On the “Great Negro Plot” of 1741, Thomas J. Davis’s
A Rumor of Revolt: The “Great Negro Plot” in Colonial New York
is indispensable, as is the contemporary report by Daniel Horsmanden called
Journal of the Proceedings in the Detection of the Conspiracy Formed by Some White People in Conjunction with Negro and Other Slaves Burning the City of New-York in America and Murdering the Inhabitants.
I read the abridged version, edited in 1851 by William B. Wedgwood. Michael G. Kammen’s
Colonial New York: A History
is a fine work of reconstruction of the years before the American Revolution and helped me with the wider context of 1741.
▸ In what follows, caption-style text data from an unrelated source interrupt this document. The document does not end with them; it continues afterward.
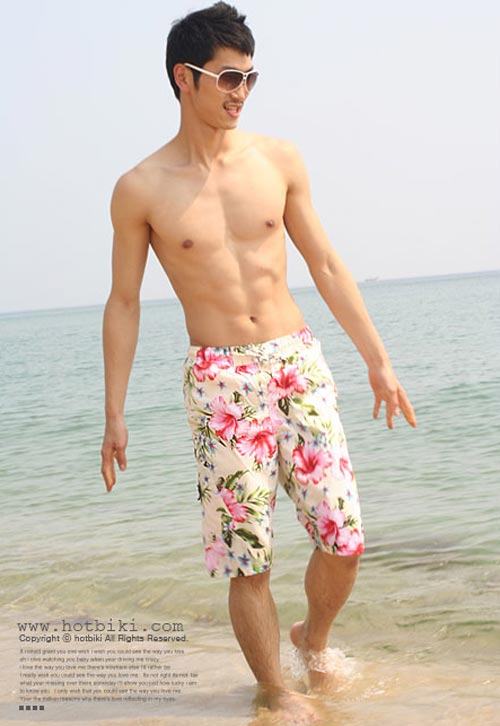 แฟชั่น กางเกงขาสั้น เที่ยวทะเล สำหรับหนุ่ม ๆ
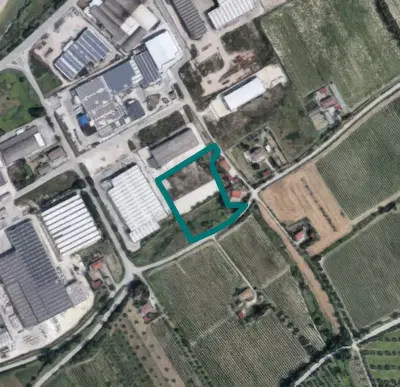 Terreni parzialmente edificabili a Controguerra (TE), Contrada Piane Tronto...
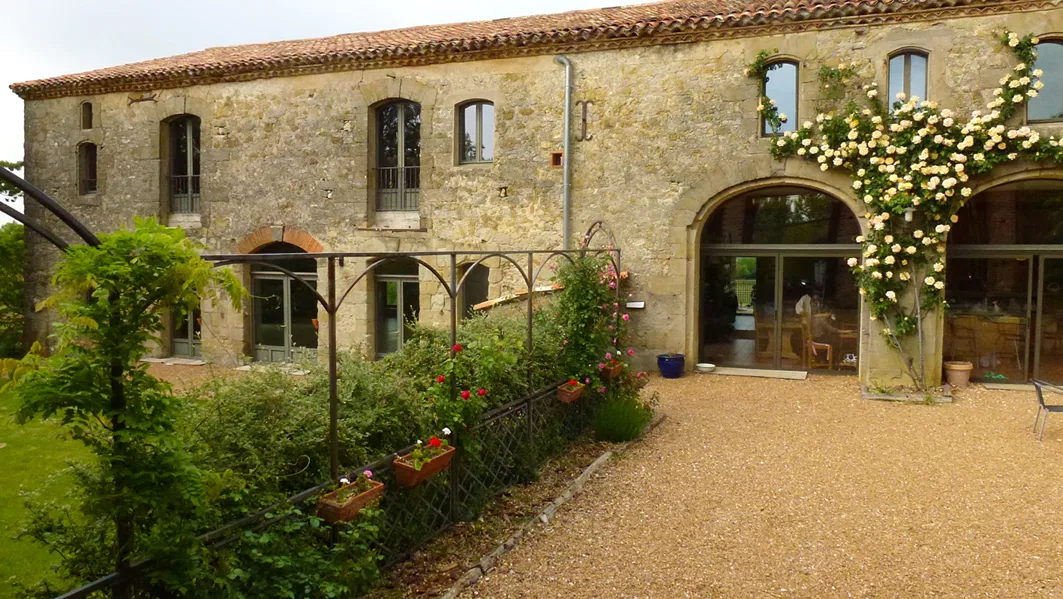 Room Route de Revel in Aguts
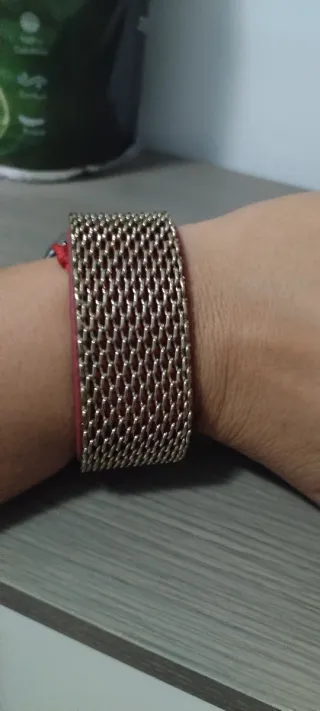 Pulsera malla dorada y roja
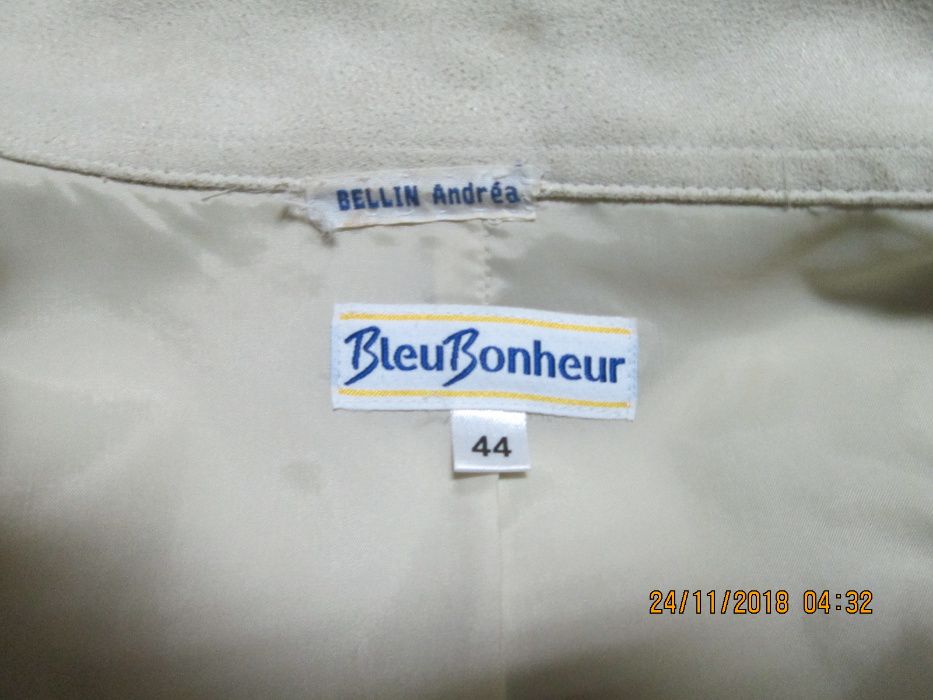 Jacheta dama, imitatie piele caprioara, captusita, alba, mar 44 (L)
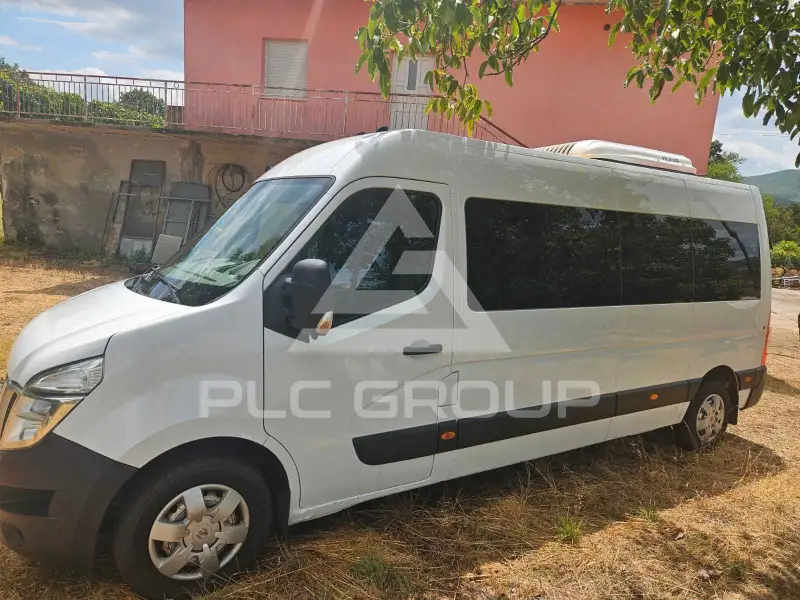 2017 Nissan NV 400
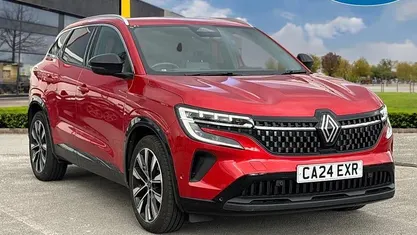 Used Renault Austral Techno 200 HP (147 kW) 2024 Red SUV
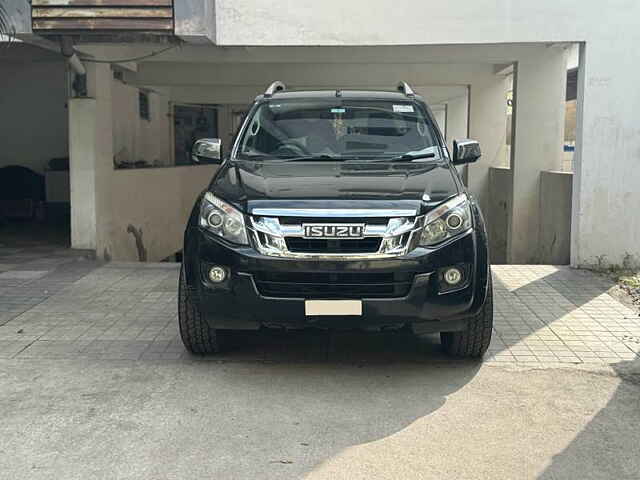 Second Hand Isuzu D-Max V-Cross [2016-2018] 4x4 in Hyderabad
Many other books fill my New York shelves, from Herbert Asbury’s classic
The Gangs of New York
to Sean Wilentz’s
Chants Democratic
. Most recently, I’ve learned from Gerard T. Koeppel’s
Water for Gotham,
M. H. Dunlop’s
Gilded City,
and Richard B. Stott’s
Workers in the Metropolis
. I have hundreds of volumes too on Irish history, too many to list, but some of which provided details of the arctic winter of 1740 and the famine that was forgotten after the much larger horrors of the Great Famine of the 1840s, which changed Ireland and New York for a century.

History is not everything, of course. The poetry and journalism of Walt Whitman are essential for any writer about New York, as are the works of Edgar Allen Poe, Herman Melville, Stephen Crane, and Theodore Dreiser, and, of course, Henry James. But much is to be learned from the pulp fiction produced for more than a century in New York, from the dime novels of the dreadful Ned Buntline and his more respectable contemporaries to the works of the Black Mask school of detective fiction. I admire too the works of Caleb Carr, Jack Finney, and above all, the splendid New York fictions of E. L. Doctorow, who has turned so much of our narrative into high art.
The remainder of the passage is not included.